Motorcycle.com recently published an article about scooters and how motorcyclists are basically too quick to dismiss them. While the article’s points of scooters being more powerful than the common 49cc, more fun to drive than one might expect, and a way to keep riding after suffering some injuries, the comment section was ablaze with derogatory comments about scooters.
The most interesting one, though, was from a guy who suggested that it’s wise to look into maintenance costs of a scooter since they’re sometimes expensive to keep running and scooter people aren’t likely to work on their own stuff.
I took issue with this generalization. Perhaps I’m in the minority because I see an awful lot of people riding around on stock scooters, dirty and beat to hell, so perhaps he’s onto something.
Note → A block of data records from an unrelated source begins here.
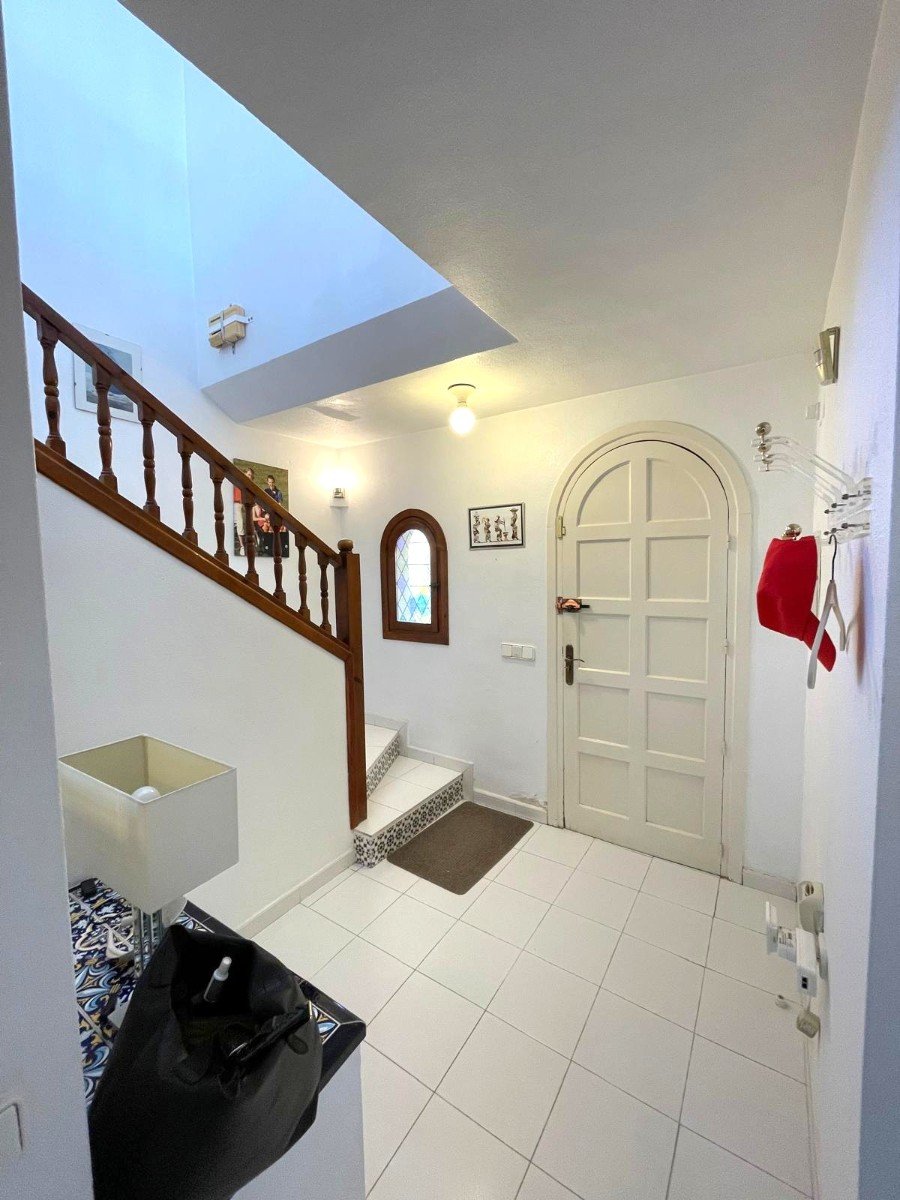 South-facing house built in 1989 with 140 m2 of built surface area under roof. Approximately 40 m2 large and very bright living room on the upper fl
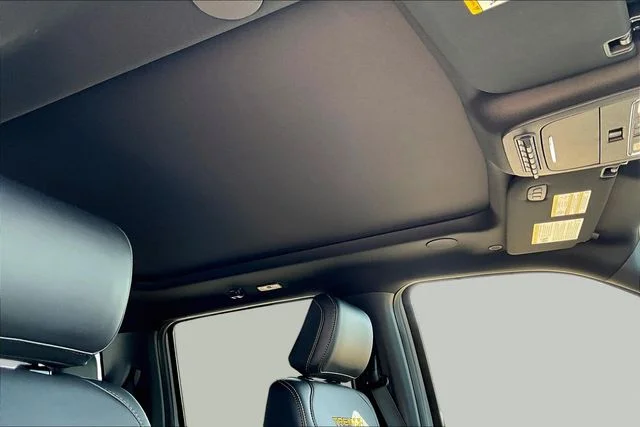 New 2026 Avalanche Ford Tremor® image 12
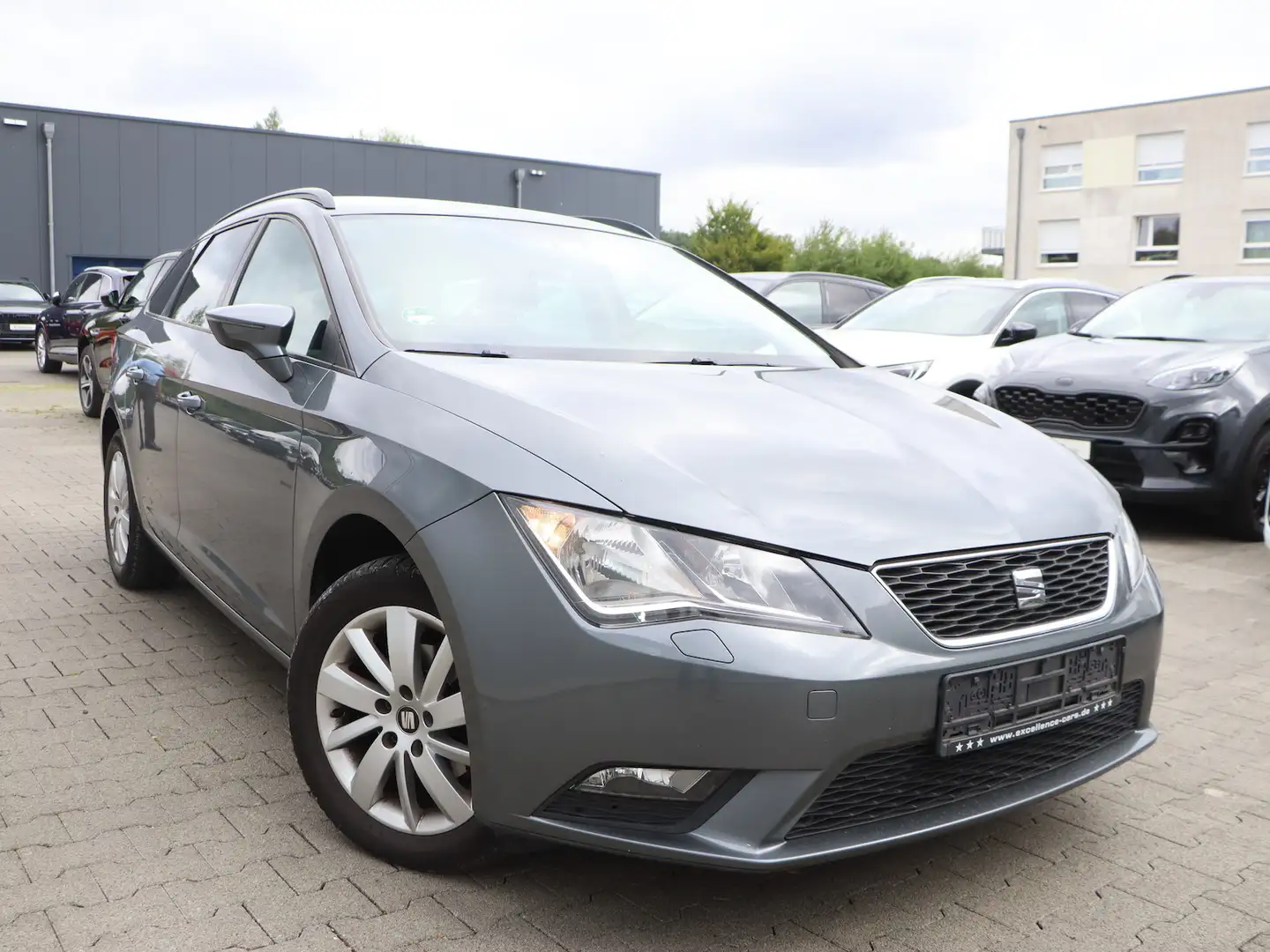 SEAT Leon ST 1.6 TDI Reference / TEMPOMAT, SHZ, PDC Gris - 1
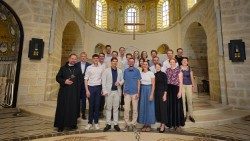 Der Jahrgang 2024/2025 des Theologischen Studienjahres Jerusalem, hier auf einem Bild in der Kirche der Dormitio-Abtei in Jerusalem mit Abt Nikodemus Schnabel (links)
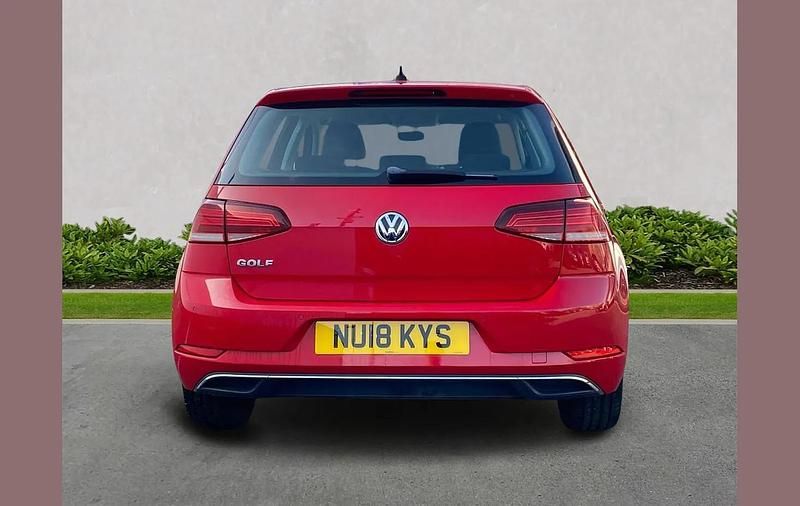 Used VW Golf VII SE 125 HP (91 kW) 2018 Red Hatchback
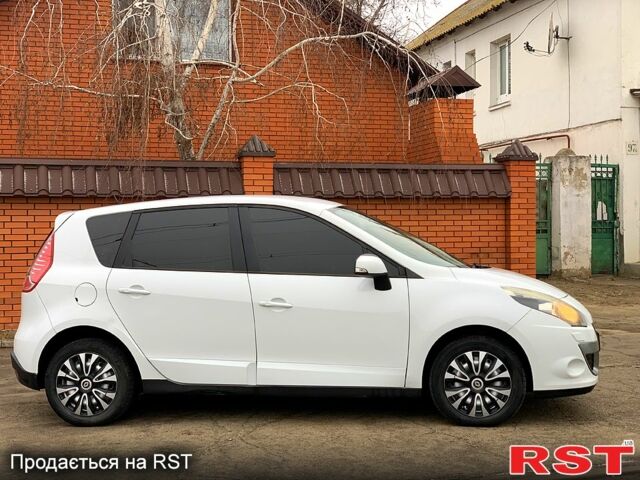 Рено Сценік 2011 у Миколаєві на Automoto.ua Білий Рено Сценік, об'ємом двигуна 2 л та пробігом 257 тис. км за 7999 $, фото 1 на Automoto.ua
Maybe the price of typical low-power scooters is low enough for the rider to value it less than, say, a $10,000 bike. Maybe it’s looked at as a toy or just something to use and abuse before throwing away.
But mine isn’t.
Actually, mine is something else entirely. For one thing, it was expensive for a scooter. But for another thing, I learned all sorts of mechanical stuff on my Ruckus.
I’ve always wanted to get into mechanical things, but was daunted by the traditional way of cars. Cars are physically imposing, parts are heavy and numerous, and it just seems intimidating.
But a Ruckus is none of those things. There are few parts, the bike itself is small, it’s only a little heavy, and it’s pretty affordable to work on it with tangible results.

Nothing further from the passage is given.